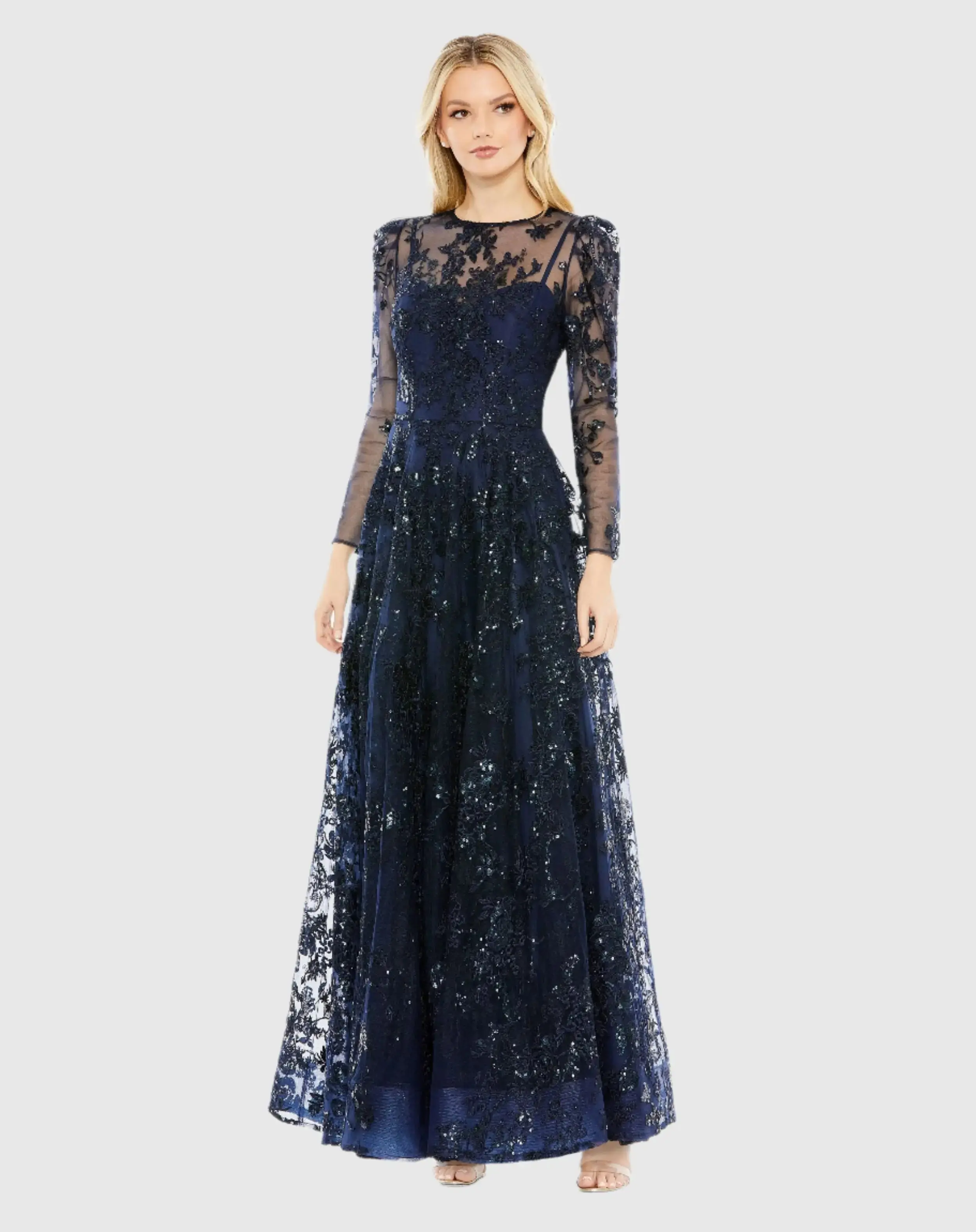 Embroidered Illusion High Neck A Line Dress - Image 2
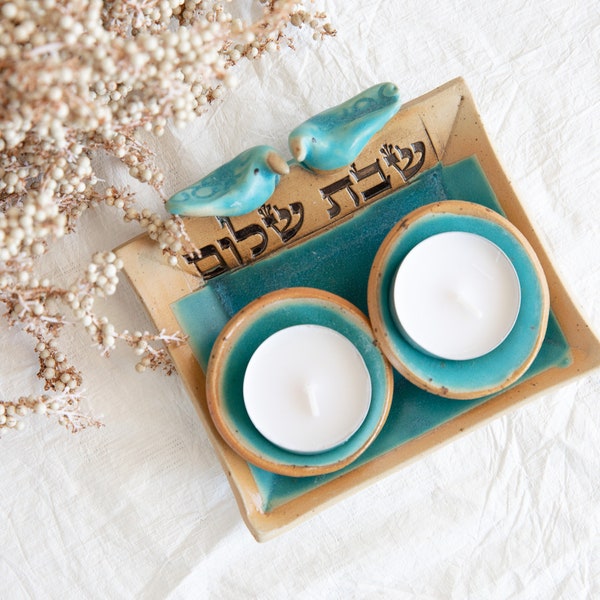 Shabbat candlestick with 2 birds | Shabbat Shalom candlestick | Ceramic candle holder |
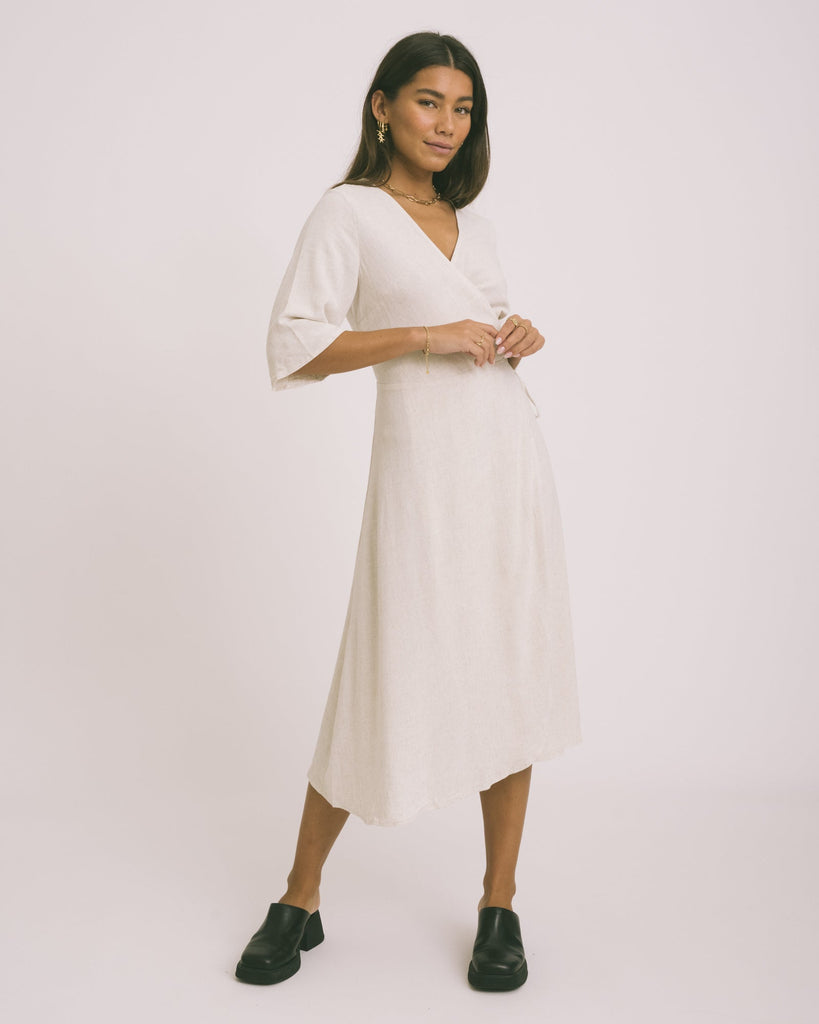 TILTIL Britt Linen Wrap Dress Beige - Things I Like Things I Love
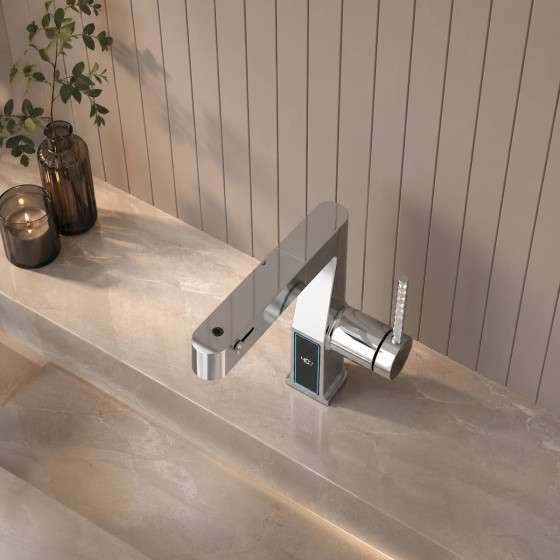 Mitigeur lavabo LED chromé avec douchette – Affichage température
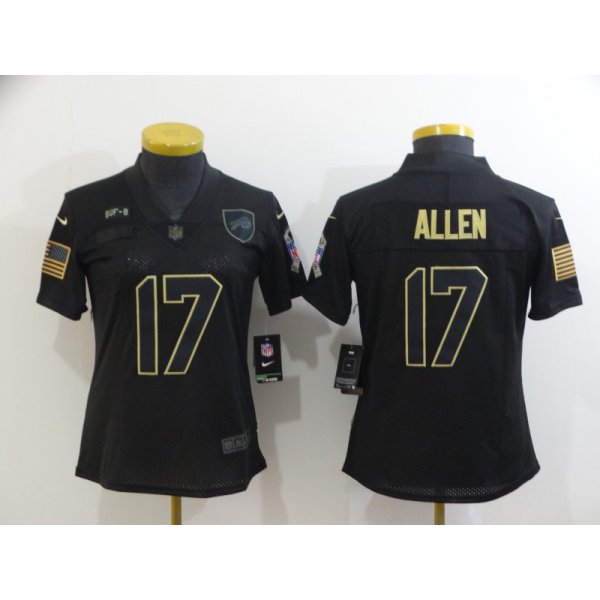 Women's Buffalo Bills #17 Josh Allen Black 2020 Salute To Service Stitched NFL Nike Limited Jersey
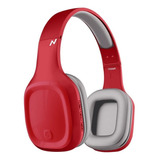 Auriculares Bluetooth Noga Aris Ng-918bt Color Rojo Y Gris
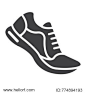 Running shoes glyph icon, fitness and sport, gym sign vector graphics, a solid pattern on a white background, eps 10.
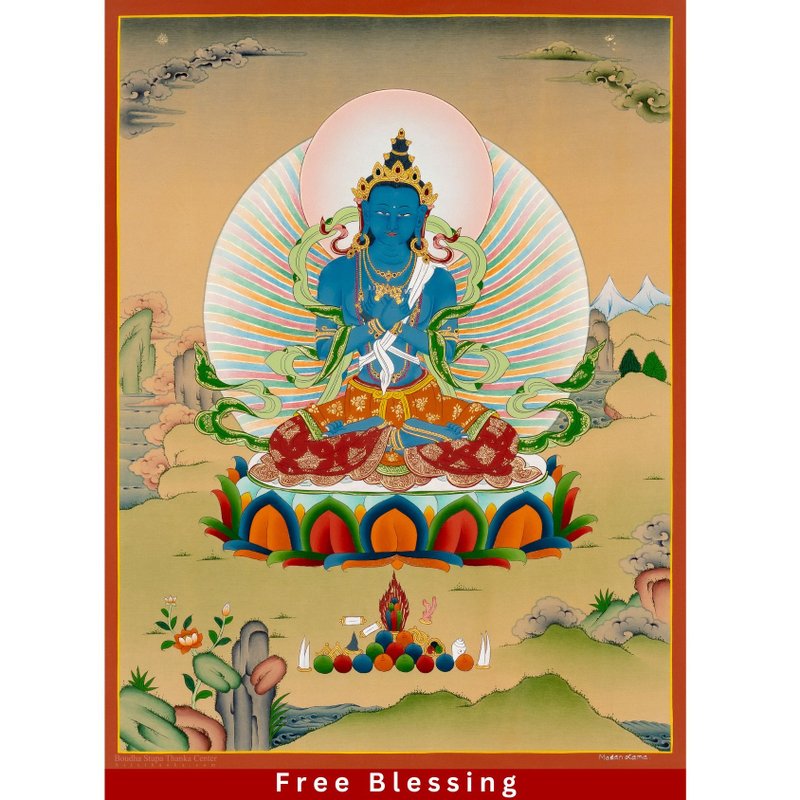 金剛持唐卡畫作 | 手工製作的西藏藝術 帶來力量與保護 - 壁貼/牆壁裝飾 - 其他材質 多色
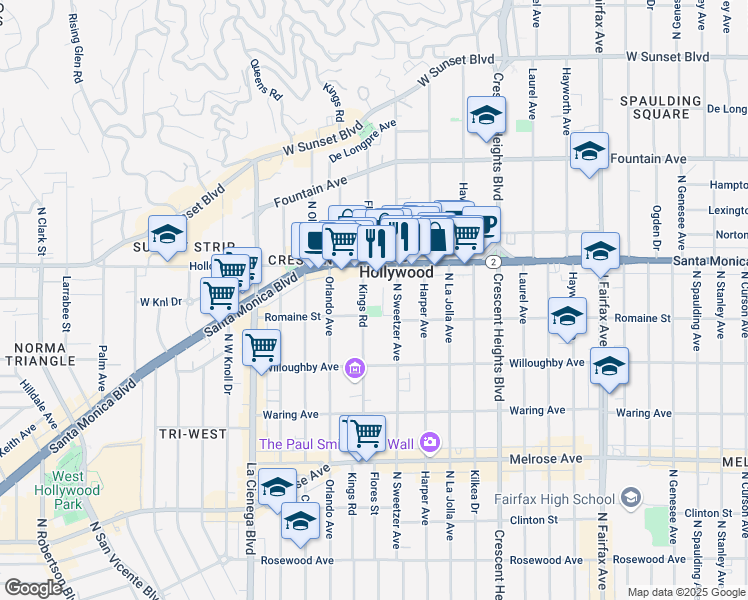 map of restaurants, bars, coffee shops, grocery stores, and more near 1010 Kings Road in West Hollywood
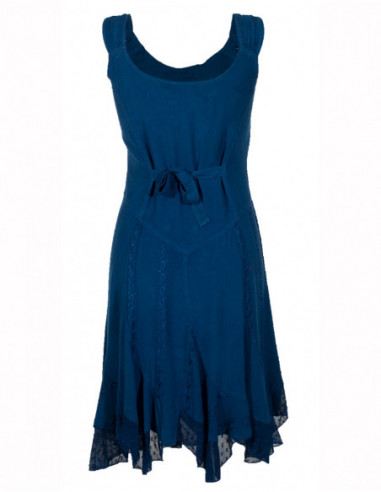 Robe mi-longue originale princesse brodée unie bleu marine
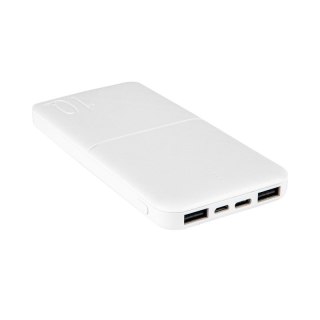 POWERBANK MX COCO 10 000 mAh, 2xUSB, 10W Li-Po, WHITE / BIAŁY, + kabel microUSB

Brief: A verbatim copy of every record above is required, with all pictures omitted.

Task solution:
 Embroidered Illusion High Neck A Line Dress - Image 2
 Shabbat candlestick with 2 birds | Shabbat Shalom candlestick | Ceramic candle holder |
 TILTIL Britt Linen Wrap Dress Beige - Things I Like Things I Love
 Mitigeur lavabo LED chromé avec douchette – Affichage température
 Women's Buffalo Bills #17 Josh Allen Black 2020 Salute To Service Stitched NFL Nike Limited Jersey
 Auriculares Bluetooth Noga Aris Ng-918bt Color Rojo Y Gris
 Running shoes glyph icon, fitness and sport, gym sign vector graphics, a solid pattern on a white background, eps 10.
 金剛持唐卡畫作 | 手工製作的西藏藝術 帶來力量與保護 - 壁貼/牆壁裝飾 - 其他材質 多色
 map of restaurants, bars, coffee shops, grocery stores, and more near 1010 Kings Road in West Hollywood
 Robe mi-longue originale princesse brodée unie bleu marine
 POWERBANK MX COCO 10 000 mAh, 2xUSB, 10W Li-Po, WHITE / BIAŁY, + kabel microUSB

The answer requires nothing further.